◆ Exercise: Below are entries. Reproduce exactly the lines between the line holding "Infiniti Q30 2017 — photo 13" and the line holding "O firmă ieşeană", inclusive, and only those.

◆ Data supplied:
|---|
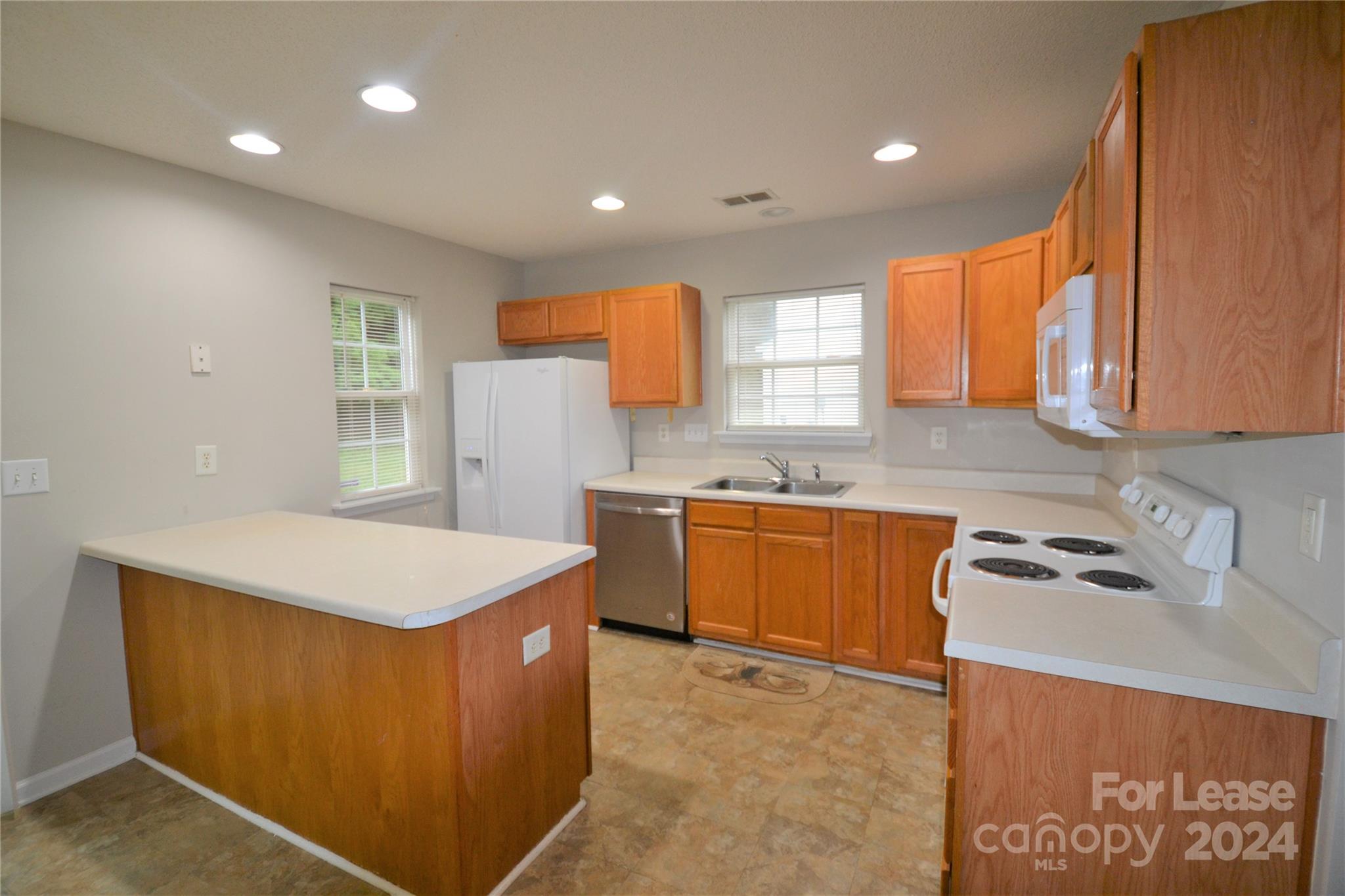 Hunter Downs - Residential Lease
|---|
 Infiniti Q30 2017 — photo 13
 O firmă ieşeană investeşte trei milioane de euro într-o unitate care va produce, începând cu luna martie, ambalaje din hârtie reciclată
|---|
◆ Solution to this task:
 Infiniti Q30 2017 — photo 13
 O firmă ieşeană investeşte trei milioane de euro într-o unitate care va produce, începând cu luna martie, ambalaje din hârtie reciclată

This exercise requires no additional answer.